We present a method using compensating mechanisms to replace radial diffusion and compared the dynamics of different Ca²⁺ buffering models during generation of dendritic Ca²⁺ spikes during somatic bursting or depolarization [1]. As for the membrane mechanisms, we used a recently constructed single compartment model of a PC dendritic segment with the Ca²⁺ channels of P- and T-type and KCa channels of BK- and SK-type, which can generate the Ca²⁺ spikes comparable to the experimental recordings [7]. The Ca²⁺ dynamics models are (i) a single Ca²⁺ pool, (ii) two Ca²⁺ pools respectively for the fast and slow transients, (iii) detailed Ca²⁺ dynamics with calbindin, parvalbumin, pump and diffusion, and (iv) detailed Ca²⁺ dynamics with calbindin, parvalbumin, pump and diffusion compensation [6]. The simulated membrane voltage was compared with electrophysiological data.
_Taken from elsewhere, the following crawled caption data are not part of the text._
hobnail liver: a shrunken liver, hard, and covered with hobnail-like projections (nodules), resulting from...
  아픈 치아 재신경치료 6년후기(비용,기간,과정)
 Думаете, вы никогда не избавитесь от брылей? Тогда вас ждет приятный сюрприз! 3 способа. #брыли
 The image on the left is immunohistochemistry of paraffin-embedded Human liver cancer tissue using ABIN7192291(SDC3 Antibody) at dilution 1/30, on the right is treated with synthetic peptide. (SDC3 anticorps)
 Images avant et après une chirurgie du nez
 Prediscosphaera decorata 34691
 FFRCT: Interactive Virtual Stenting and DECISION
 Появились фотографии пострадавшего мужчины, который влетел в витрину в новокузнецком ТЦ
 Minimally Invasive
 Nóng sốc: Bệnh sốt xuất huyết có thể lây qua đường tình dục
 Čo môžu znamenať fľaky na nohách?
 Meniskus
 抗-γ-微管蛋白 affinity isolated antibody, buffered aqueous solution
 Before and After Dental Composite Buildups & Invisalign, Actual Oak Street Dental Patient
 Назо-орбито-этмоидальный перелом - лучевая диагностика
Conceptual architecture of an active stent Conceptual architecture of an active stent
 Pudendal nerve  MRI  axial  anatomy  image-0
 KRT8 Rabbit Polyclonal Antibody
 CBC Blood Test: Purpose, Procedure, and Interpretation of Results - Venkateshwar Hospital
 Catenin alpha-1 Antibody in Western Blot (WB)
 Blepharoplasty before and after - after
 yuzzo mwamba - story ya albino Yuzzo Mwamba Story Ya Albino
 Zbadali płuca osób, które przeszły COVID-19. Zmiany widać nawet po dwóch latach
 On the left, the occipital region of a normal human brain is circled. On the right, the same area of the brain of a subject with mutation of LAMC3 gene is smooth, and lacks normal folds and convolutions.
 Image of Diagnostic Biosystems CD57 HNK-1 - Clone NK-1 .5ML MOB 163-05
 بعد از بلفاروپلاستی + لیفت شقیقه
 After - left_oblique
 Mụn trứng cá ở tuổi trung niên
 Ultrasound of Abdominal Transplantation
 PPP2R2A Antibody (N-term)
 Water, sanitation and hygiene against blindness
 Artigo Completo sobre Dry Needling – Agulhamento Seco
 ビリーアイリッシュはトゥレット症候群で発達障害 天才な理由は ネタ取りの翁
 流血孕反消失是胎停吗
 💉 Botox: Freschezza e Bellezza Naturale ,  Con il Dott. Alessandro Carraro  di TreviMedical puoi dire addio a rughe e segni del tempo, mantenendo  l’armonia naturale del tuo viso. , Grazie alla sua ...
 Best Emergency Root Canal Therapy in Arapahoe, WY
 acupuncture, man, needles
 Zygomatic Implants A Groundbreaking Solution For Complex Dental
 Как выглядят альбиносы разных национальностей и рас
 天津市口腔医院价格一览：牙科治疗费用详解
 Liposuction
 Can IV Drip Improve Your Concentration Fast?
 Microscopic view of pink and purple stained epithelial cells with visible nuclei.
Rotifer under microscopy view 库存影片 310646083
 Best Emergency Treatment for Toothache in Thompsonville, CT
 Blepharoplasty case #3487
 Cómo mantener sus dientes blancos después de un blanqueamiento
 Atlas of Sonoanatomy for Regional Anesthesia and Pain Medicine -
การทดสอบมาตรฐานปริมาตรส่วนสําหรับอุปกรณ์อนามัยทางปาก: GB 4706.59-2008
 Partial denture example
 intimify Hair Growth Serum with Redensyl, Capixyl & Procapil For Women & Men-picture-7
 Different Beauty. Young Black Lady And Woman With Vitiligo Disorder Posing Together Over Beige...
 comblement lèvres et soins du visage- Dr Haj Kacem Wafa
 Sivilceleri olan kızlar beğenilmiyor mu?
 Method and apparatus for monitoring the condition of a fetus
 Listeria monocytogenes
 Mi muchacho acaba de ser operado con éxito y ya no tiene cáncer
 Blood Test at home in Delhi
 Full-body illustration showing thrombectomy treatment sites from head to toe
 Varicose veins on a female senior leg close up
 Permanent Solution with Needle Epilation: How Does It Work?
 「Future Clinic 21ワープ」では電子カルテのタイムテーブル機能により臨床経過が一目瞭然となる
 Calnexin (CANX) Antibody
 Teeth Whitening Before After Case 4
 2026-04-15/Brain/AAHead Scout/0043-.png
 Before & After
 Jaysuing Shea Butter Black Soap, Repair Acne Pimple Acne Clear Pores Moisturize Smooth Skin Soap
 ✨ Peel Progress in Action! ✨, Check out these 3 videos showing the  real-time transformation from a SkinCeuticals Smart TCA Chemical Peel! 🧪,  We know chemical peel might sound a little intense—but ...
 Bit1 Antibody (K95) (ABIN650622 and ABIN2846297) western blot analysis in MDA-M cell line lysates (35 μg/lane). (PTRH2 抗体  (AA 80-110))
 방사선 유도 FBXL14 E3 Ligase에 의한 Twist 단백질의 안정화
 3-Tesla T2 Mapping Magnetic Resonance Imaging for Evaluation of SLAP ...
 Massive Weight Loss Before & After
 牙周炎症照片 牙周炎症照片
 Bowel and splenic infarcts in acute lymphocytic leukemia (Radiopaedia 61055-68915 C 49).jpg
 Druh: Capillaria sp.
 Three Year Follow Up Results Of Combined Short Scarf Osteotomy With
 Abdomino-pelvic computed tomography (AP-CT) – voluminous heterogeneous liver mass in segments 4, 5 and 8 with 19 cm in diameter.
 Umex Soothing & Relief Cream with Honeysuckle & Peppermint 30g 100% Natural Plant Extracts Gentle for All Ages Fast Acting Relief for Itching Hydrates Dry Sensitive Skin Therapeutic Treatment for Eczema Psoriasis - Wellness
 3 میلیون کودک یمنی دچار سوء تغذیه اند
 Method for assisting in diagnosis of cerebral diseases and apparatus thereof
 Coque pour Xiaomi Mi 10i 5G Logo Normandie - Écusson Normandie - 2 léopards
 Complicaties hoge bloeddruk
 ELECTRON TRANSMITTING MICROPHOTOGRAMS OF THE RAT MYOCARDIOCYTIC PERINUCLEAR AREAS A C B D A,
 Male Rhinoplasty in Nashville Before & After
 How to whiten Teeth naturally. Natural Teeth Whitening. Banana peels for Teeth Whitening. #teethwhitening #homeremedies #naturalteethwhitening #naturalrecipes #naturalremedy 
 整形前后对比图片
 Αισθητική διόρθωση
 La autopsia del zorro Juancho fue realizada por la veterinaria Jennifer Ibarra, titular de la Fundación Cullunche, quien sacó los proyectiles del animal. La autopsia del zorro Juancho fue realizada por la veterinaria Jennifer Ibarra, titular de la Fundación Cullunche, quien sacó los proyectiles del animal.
Our results show that detailed Ca²⁺ dynamics models with buffers, pumps, and diffusion have significantly better control over Ca²⁺ activated K⁺ channels and lead to physiologically more realistic simulations of Ca²⁺ spikes. Furthermore, the effect on Ca²⁺ dynamics of removing diffusion from the model can largely be eliminated by the compensating mechanisms. Therefore, physiologically realistic Ca²⁺ concentration dynamics can be simulated at reasonable computational cost.